━━━━━ The input ━━━━━

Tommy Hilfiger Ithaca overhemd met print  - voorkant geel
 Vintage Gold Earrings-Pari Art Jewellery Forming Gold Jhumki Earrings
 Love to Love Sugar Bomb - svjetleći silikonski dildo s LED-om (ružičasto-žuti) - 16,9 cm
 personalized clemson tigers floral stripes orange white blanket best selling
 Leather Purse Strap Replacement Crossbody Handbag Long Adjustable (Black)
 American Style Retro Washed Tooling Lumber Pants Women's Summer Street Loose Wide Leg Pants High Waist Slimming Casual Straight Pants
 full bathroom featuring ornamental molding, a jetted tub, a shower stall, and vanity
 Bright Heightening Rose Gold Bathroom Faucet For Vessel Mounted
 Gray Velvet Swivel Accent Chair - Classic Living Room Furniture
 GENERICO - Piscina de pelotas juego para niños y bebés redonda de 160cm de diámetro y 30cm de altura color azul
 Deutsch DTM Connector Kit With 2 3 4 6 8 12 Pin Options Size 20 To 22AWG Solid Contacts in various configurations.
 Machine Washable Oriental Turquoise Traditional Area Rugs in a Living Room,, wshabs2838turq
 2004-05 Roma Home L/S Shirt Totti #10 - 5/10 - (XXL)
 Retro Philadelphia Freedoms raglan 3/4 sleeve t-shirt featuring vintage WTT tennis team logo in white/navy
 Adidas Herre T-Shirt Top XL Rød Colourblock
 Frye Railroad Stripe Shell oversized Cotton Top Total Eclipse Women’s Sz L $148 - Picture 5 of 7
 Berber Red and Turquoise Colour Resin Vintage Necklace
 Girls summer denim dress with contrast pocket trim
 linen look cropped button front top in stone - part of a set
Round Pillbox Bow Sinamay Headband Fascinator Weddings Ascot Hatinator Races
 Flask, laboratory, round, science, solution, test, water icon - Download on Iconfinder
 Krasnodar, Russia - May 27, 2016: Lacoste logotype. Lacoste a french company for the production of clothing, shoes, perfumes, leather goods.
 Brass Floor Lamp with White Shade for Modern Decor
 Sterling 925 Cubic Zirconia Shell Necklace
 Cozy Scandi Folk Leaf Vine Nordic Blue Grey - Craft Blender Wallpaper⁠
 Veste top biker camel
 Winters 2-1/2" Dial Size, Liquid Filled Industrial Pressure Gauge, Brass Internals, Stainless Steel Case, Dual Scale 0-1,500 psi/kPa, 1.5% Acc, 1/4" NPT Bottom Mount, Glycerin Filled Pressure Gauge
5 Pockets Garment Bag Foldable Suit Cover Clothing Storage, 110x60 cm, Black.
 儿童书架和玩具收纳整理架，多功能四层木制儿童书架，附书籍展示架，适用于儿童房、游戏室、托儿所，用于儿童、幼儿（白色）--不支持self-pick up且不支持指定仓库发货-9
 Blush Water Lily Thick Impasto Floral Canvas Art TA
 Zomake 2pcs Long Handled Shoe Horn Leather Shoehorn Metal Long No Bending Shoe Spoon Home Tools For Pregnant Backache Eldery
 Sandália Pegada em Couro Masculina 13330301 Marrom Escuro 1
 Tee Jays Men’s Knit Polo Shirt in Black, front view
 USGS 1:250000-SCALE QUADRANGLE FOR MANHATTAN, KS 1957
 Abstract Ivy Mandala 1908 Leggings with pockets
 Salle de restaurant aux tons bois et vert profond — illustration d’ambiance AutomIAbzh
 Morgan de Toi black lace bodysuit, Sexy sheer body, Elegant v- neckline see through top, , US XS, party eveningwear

━━━━━

▶ _Goal of the exercise_: The answer must be a single number: the count of lines in the entries above that contain "Home".

▶ _Problem solution_: 2